Friday, March 2, 2012

The Seeds Amidst the Snow

Common among childhood Decembers are the countless reminders that, while Christmas is surely coming and nearing, it is not quite yet here.  There are cookies baking in the kitchen -- but to be given away.  There are stockings hanging from the mantle -- though empty.  There are presents beneath the tree, colorfully but effectively veiled from use or even view.  "I'm dreaming of a white Christmas" wafts from the speakers as an anthemic ode not only to seasonal fancy but to the very essence of anticipation.  It's coming, but not yet.

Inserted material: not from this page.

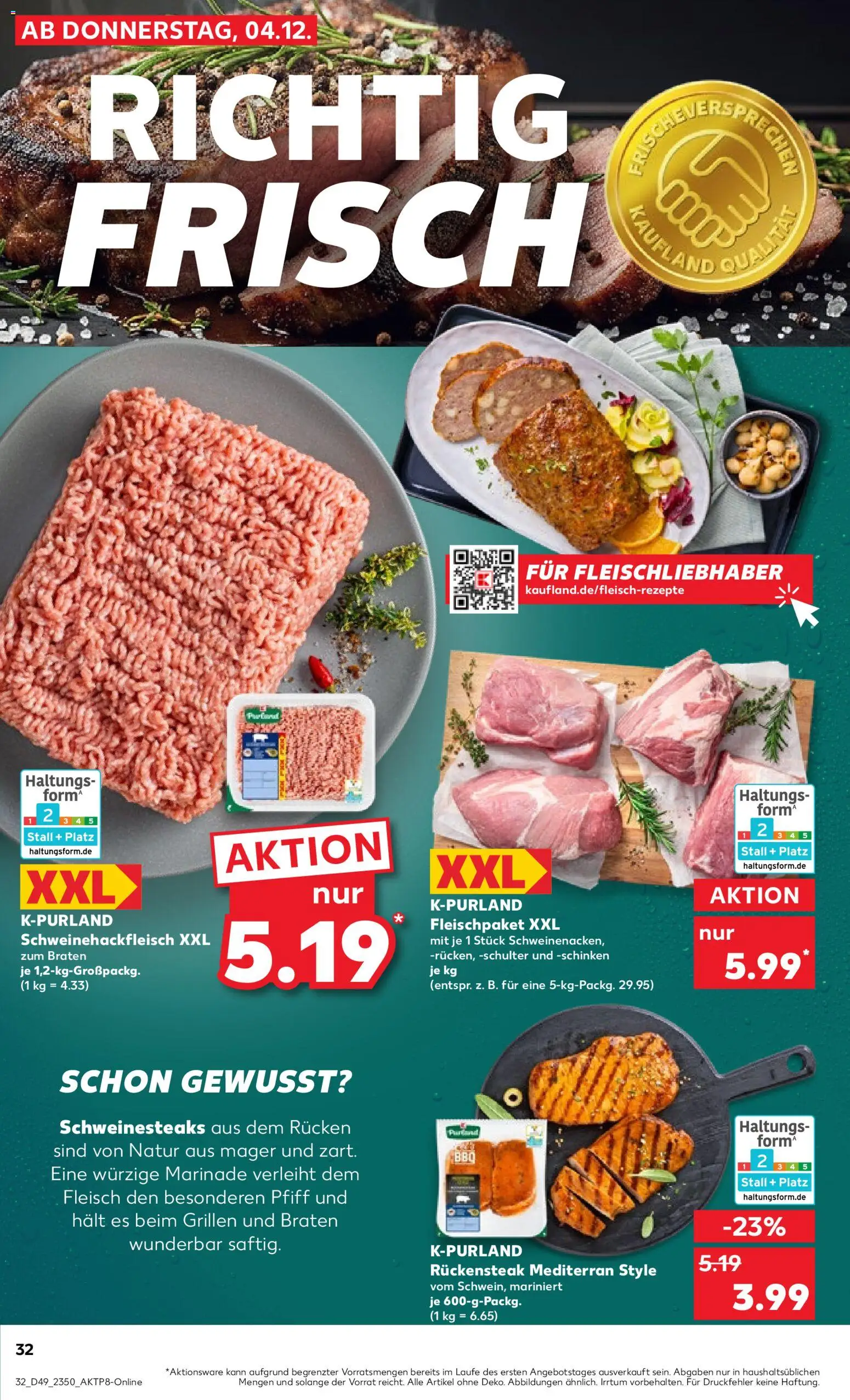 Kaufland prospekt Völklingen	 – gültig ab 04.12.2025 | Seite: 32 | Produkte: Schinken, Steak, Fleisch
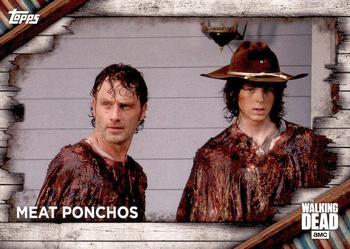 2017 Topps The Walking Dead Season 6 #42 Meat Ponchos Front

And yesterday, awash in a sunny fifty-degree day, I planted seeds and secured them in the greenhouse as a down-payment on spring, only to be greeted this morning by more snow.  It is, in a way, a climatic representation of this whole phase of the gardening season:  a taunting, near-whiplashing reverberation between giddy busyness and clock-ticking stillness.  There are seed catalogs to digest, orders to assemble...and the waiting time until they are delivered.  There are garden designs to draw...and then shelve until post-freeze.  Eventually there are seeds to gently lodge in the potting soiled cells...now followed by the days -- how many days? -- of imperceptible growth and activity.  Now descends the glacial pace of germination when, at least by eye-measure, absolutely nothing is going on.

But if nature is taking its course, growth is subtly, miraculously transpiring. 

The greenhouse depends upon radiant heat from the sun; far from sealed tight, it is vented by design.  A space heater can't possibly sustain all the warmth on which the fragile seeds depend.  Nonetheless, according to the remote thermometer it is over 50-degrees inside, with the larger warmth of the day still to come.  Tir and I will eventually head out to survey the invisible progress and sprinkle on the day's drink.  In the meantime, suspended between the "already" and the "not yet," I'll relax and enjoy the snow.